When using randomized/batch-dependent layers like dropout or BN is is necessary to set model.eval() before getting the outputs for a batch within a training epoch?

The question also appears on stackoverflow: https://stackoverflow.com/questions/63167099/pytorch-training-with-dropout-and-or-batch-normalization

tom · July 30, 2020, 8:41am

I’d say it is a clear: No. You would keep the model in training state (model.train()) while training and only set it to model.eval() during evaluation (e.g. validation interleaved with training epochs, inference proper). Don’t for get to set it back to training state for the next epoch if you do.

I must admit I have trouble to see why the person helping you on stackoverflow would come to a different conclusion.

The other way round it would make more sense btw., for things like test time dropout, you would actually avoid setting the dropout layers to evaluation mode.

Best regards

Thomas

P.S.: I would advise against crossposting. If you get the same answer, it’ll be wasted time for people answering with no benefit to you. If you get different ones, you need to make up your mind which would have been the better forum to ask in anyways and it’ll be wasted time for people answering.

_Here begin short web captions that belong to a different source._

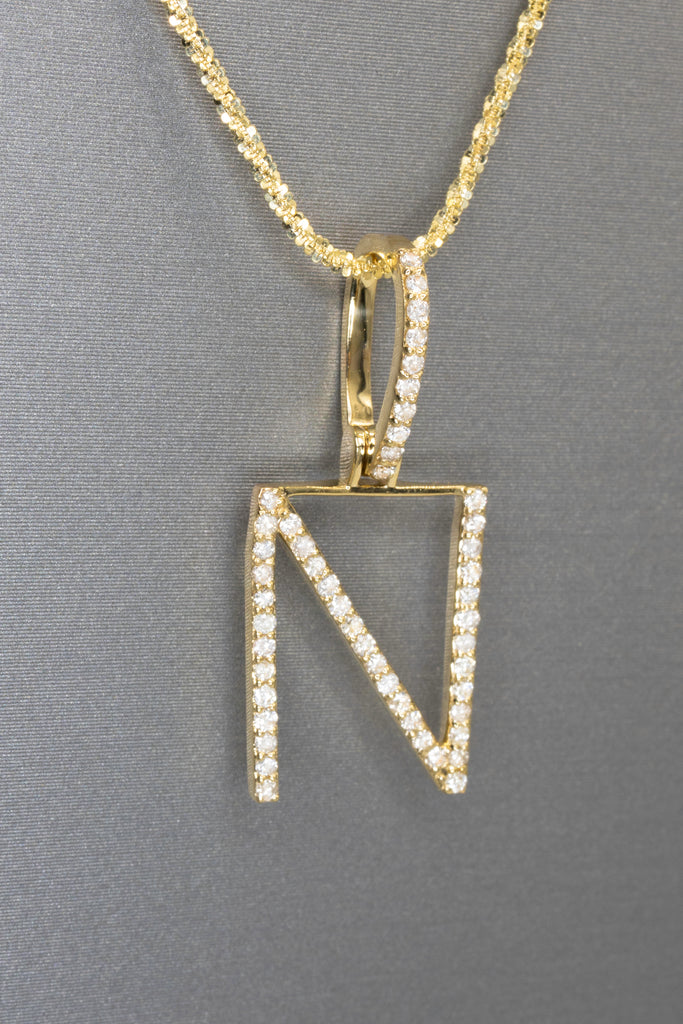 *NEW* Initial (N) Diamond 💎 Pendant W/ Rope Diamond Cut Chain JTJ™ - Javierthejeweler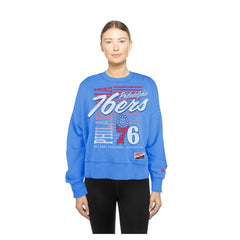 Philadelphia 76ers Women's Boxy Throwback Mineral Wash Sweatshirt - Royal | New Era online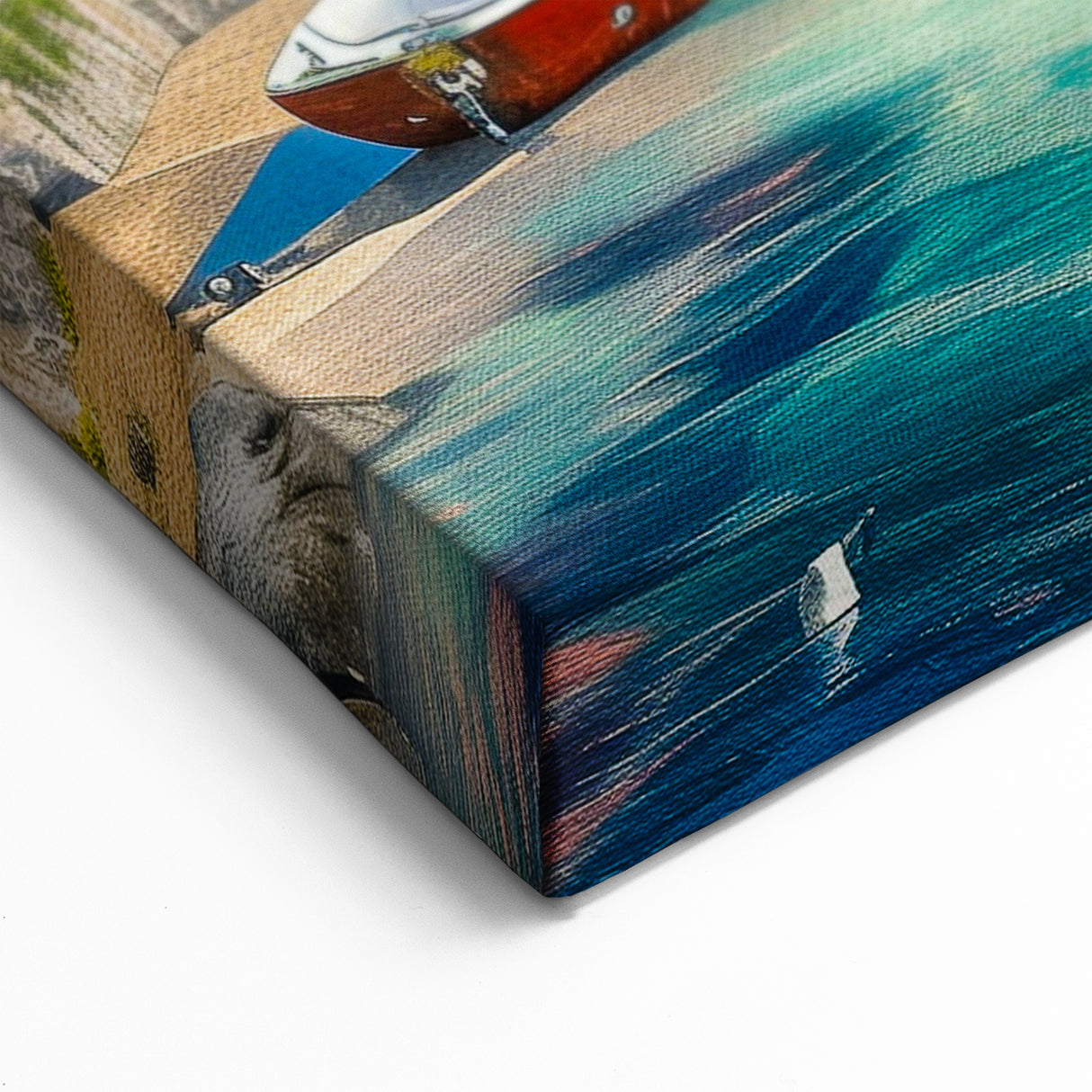 Colorful Coastal Village - Mediterranean Waterfront & Boats Canvas Art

kpatil · July 30, 2020, 8:51am

Thanks for quick reply.
I do not get the point why a dropout layer should not to be set t eval mode. If it is not set to eval mode then the output for the same example can be different for different runs.

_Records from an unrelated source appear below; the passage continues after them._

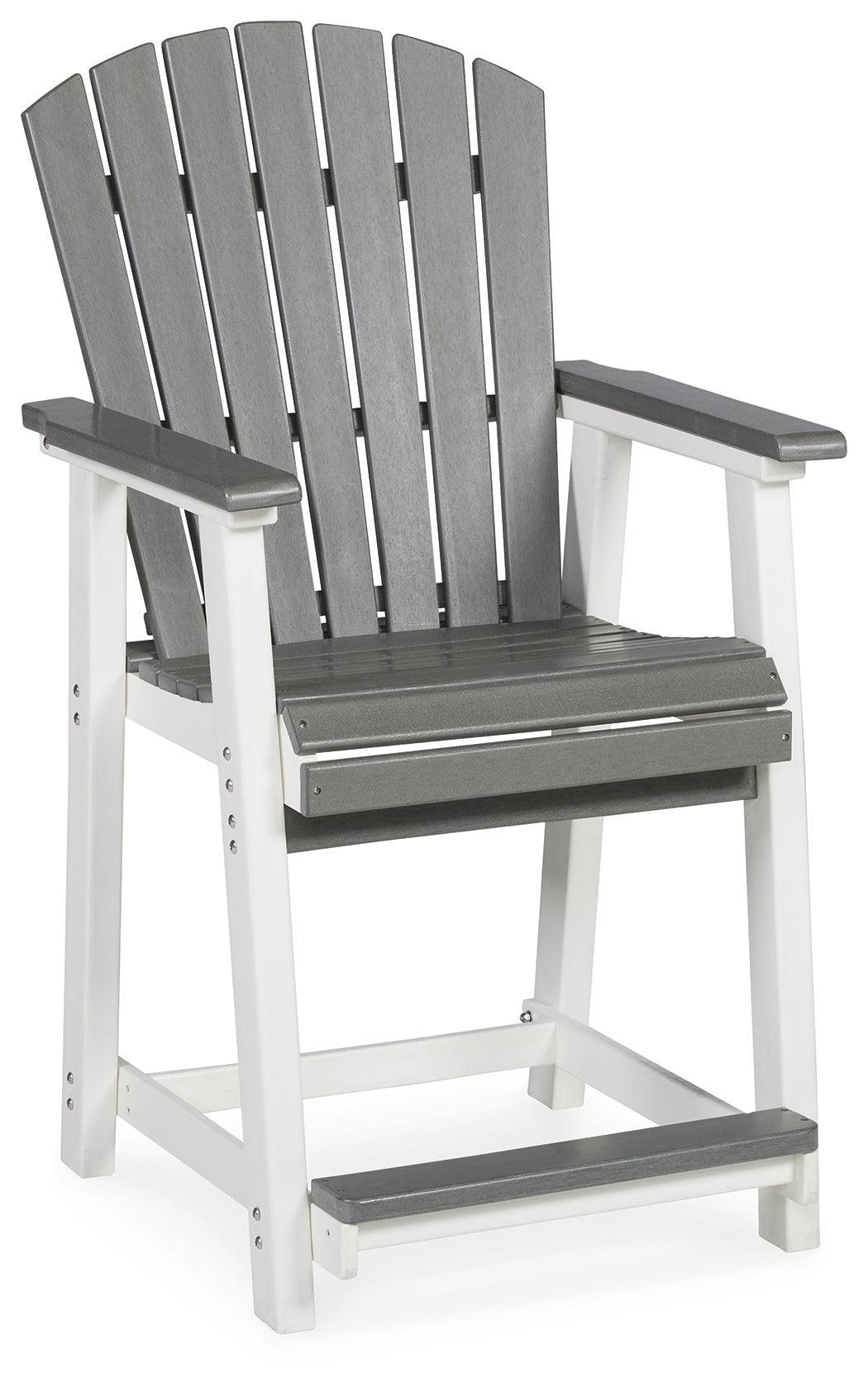 Transville Gray/white Outdoor Counter Height Dining Table And 4 Barstools PKG013815 - P210-642 | P210-124 | P210-124 - Ella Furniture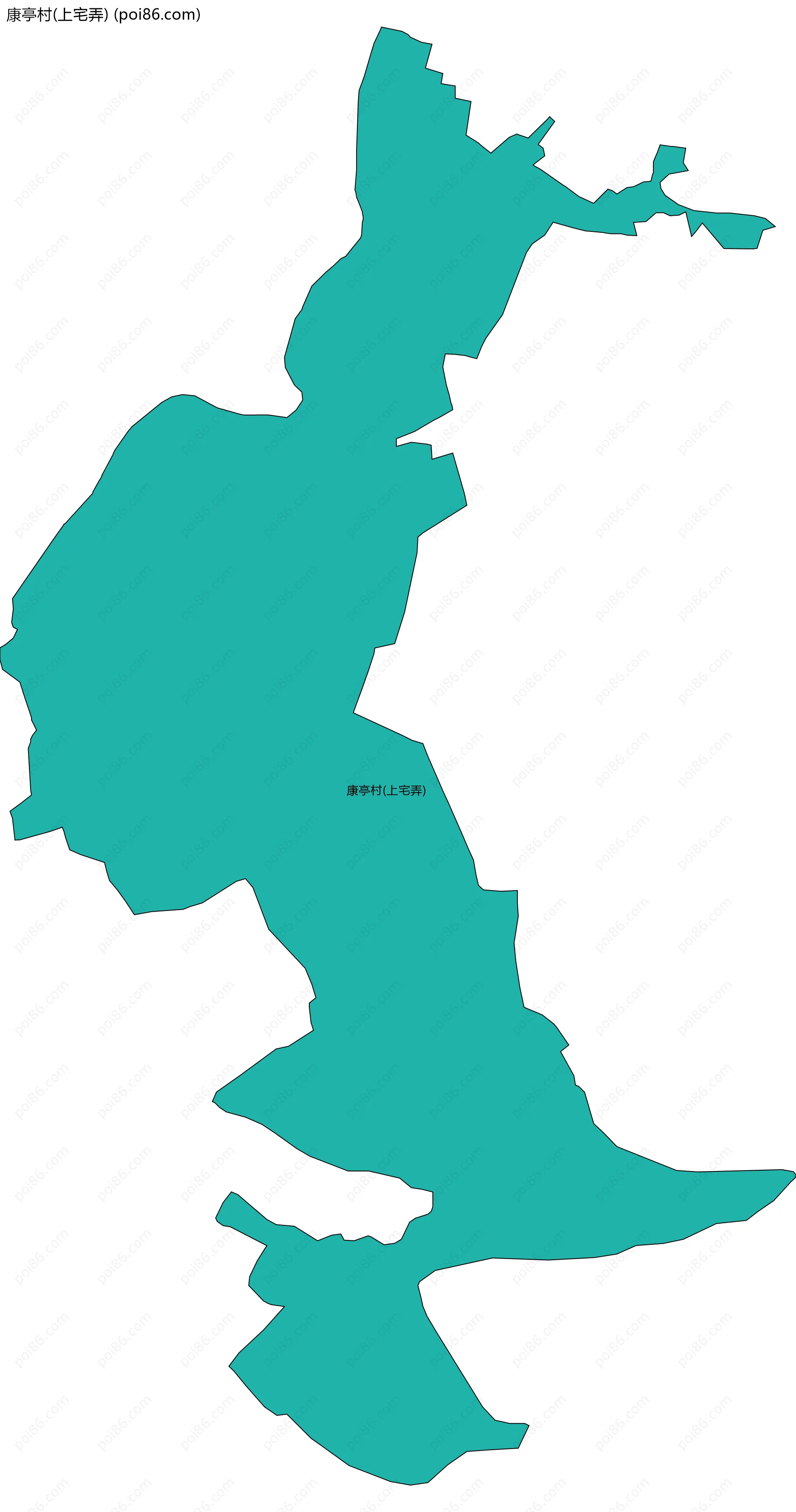 康亭村(上宅弄)边界地图
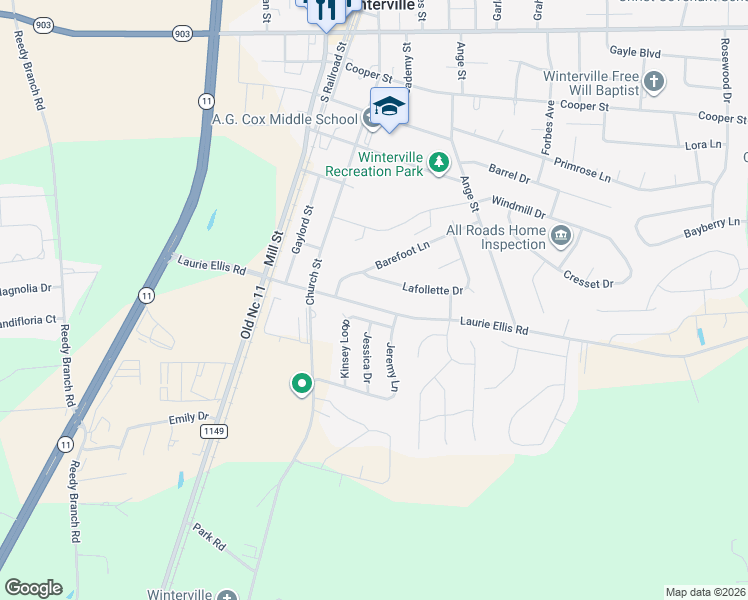 map of restaurants, bars, coffee shops, grocery stores, and more near 2932 Kinsey Loop in Winterville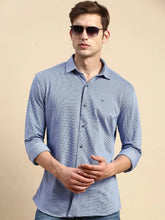 Men Navy Geometrical Casual Shirt-LUCASKNITS-4595-Navyblue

PS: as for cross-posting I think it’s not necessarily bad as the user base for different forums can be quite different. And its not necessarily my question on other forums.

tom · July 30, 2020, 9:08am

I can’t help but feel it wastes my time. But of course, I can just not answer questions, too.

Nikronic · July 30, 2020, 9:53am

I think you need to study the reason for introducing dropout/bn in NNs. Their job is to modify outputs in each iteration. Then if we disable dropouts before feedforward, why don’t we just remove them?